Only a week ago most global share markets, including ours, hit record highs. At the time of writing the losses as a result of the coronavirus outbreak amount only to our 2020 gains so far. What's unclear, of course, is how widely the coronavirus will spread and how much damage it will do, leading to uncertainty in financial markets across the world.

However, it is worth noting that last year the market volatility was hugely consumed by the trade war between the United States and China, which could have resulted in catastrophic consequences.

What happens from here? In my opinion, if the outbreak is not resolved soon central banks globally will step in, so you will see countries providing stimulus in the form of interest rate cuts, tax cuts and monetary policy reform.

But lower interest rates won't make a sick person well, or give public health authorities confidence that businesses can reopen. All interest rate cuts can do is lower borrowing costs and help encourage businesses and consumers to spend.

The closest thing we have to a blueprint for the impact that an outbreak like this can have is the SARS outbreak of 2003, when a rush to reduce risk by investors prompted significant market falls. 

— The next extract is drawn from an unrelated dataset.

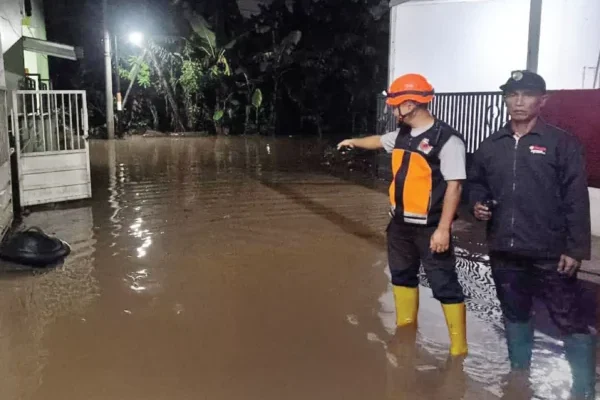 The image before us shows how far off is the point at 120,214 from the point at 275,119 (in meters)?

So far, the reaction to the Coronavirus outbreak is similar, but whether it follows the same pattern as SARS – which had a relatively short-lived impact on markets – really depends on how widespread the outbreak becomes.

For now, the only template we have is how the SARS outbreak impacted stock and currency markets. Initially, the commodities index fell 7.6% in March 2003 as SARS became known globally, but the market had largely recovered by late June the same year when the World Health Organisation declared that SARS was under control.